The Federal Reserve since January 2012 has said it is targeting 2% inflation.
How has it done? Not so well, as shown in the chart.
In the 20 years before the Fed said it was targeting inflation, it did a great
job: On average, inflation was exactly 2% from 1992 to 2012. Since 2012,
inflation has consistently fallen short of the Fed’s target and today
stands a full 3.8% below the path for the U.S. PCE index that would be
consistent with 2% inflation, indicated by the blue line. (The Fed prefers to
monitor personal consumption expenditures, or PCE, while the press reports on
the U.S. Consumer Price Index.)
Why does this matter? It helps to account for the Fed’s focus on a
“gradual” pace of normalizing interest rates.
Several Fed officials have said they would like to run the economy at least a
little “hot,” which is Fed-speak for allowing inflation to
overshoot the 2% target.
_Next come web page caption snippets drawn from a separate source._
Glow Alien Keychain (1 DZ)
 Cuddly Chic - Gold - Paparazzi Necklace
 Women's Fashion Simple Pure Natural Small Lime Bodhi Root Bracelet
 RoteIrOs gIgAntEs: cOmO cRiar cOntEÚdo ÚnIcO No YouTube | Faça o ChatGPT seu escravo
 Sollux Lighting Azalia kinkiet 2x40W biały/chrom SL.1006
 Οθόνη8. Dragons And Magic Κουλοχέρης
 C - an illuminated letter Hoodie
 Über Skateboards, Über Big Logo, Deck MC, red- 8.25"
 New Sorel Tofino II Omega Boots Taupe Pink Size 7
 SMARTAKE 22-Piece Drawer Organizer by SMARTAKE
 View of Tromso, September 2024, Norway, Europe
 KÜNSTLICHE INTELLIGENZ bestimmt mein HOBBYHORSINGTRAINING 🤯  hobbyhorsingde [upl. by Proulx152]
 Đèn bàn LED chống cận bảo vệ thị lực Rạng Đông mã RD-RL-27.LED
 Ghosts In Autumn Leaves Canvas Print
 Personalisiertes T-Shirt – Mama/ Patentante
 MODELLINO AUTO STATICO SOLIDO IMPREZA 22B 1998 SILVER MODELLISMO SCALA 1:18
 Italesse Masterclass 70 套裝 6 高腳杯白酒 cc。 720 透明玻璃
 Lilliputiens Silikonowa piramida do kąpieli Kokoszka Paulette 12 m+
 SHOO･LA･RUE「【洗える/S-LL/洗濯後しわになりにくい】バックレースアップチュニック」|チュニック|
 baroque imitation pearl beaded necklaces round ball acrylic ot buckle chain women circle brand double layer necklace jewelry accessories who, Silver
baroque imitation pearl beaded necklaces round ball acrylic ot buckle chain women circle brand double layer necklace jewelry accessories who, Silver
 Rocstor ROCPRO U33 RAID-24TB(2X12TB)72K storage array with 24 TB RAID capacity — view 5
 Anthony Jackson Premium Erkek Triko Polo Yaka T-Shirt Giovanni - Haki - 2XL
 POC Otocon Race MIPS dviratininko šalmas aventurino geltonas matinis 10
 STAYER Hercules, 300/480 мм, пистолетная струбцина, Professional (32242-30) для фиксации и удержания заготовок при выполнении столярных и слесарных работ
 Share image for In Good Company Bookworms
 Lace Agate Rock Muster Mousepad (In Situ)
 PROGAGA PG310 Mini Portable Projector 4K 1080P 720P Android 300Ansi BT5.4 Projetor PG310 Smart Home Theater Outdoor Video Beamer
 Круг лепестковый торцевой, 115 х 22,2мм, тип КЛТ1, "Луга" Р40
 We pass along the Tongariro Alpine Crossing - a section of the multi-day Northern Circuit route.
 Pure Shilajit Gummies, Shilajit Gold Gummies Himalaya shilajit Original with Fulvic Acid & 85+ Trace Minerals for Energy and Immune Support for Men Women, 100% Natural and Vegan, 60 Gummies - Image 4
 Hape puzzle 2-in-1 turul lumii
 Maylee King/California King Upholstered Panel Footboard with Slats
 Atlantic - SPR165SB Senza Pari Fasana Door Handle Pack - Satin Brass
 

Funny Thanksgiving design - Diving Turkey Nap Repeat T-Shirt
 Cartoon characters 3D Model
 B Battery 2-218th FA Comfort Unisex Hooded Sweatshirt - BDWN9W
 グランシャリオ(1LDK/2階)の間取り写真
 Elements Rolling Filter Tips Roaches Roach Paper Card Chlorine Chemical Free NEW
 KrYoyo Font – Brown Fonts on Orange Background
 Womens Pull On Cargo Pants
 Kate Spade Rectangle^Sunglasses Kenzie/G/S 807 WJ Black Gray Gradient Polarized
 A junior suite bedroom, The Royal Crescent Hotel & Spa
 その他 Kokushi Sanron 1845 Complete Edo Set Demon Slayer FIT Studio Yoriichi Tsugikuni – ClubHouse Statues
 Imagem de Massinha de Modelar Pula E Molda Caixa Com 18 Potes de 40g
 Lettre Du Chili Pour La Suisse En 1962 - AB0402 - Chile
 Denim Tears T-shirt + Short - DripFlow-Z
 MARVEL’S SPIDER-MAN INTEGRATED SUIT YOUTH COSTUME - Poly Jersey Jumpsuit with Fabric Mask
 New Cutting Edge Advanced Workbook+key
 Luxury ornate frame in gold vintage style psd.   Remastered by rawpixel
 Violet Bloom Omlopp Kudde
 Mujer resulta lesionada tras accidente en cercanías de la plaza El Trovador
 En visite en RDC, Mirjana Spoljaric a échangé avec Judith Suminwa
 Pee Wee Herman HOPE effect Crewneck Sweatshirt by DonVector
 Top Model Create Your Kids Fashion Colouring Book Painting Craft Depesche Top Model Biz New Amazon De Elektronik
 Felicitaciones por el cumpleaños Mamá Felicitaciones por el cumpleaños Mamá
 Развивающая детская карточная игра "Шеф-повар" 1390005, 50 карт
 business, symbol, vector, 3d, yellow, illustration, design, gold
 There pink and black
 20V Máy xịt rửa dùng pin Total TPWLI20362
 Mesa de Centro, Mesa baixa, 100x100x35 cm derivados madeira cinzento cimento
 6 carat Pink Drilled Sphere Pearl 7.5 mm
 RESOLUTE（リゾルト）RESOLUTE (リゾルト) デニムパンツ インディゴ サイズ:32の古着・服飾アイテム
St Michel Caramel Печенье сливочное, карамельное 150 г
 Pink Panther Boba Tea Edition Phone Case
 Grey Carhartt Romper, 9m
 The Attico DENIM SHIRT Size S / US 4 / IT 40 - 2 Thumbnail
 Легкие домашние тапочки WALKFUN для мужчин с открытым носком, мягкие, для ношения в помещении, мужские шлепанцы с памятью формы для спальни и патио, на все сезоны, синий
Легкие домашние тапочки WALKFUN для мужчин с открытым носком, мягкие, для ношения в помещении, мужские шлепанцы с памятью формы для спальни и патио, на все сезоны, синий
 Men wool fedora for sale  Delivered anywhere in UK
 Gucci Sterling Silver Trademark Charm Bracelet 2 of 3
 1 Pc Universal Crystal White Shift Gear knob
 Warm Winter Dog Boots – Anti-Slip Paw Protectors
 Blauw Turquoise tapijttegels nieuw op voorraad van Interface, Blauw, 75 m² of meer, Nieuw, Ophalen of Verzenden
But at the press conference for the December 2016
meeting, Chair Yellen asserted that she was not in favor of running a
“high pressure economy” or trying to overshoot the 2% inflation
As the chart shows, if the Fed wanted to make up for its inflation undershoots
since 2012, it would have to engineer and tolerate inflation of at least 3%
for three years. Will the Fed go that far? Likely not.
But so long as the pattern in the chart holds, the Fed will be wary of hiking
too fast while inflation expectations continue to fall short of the 2% target.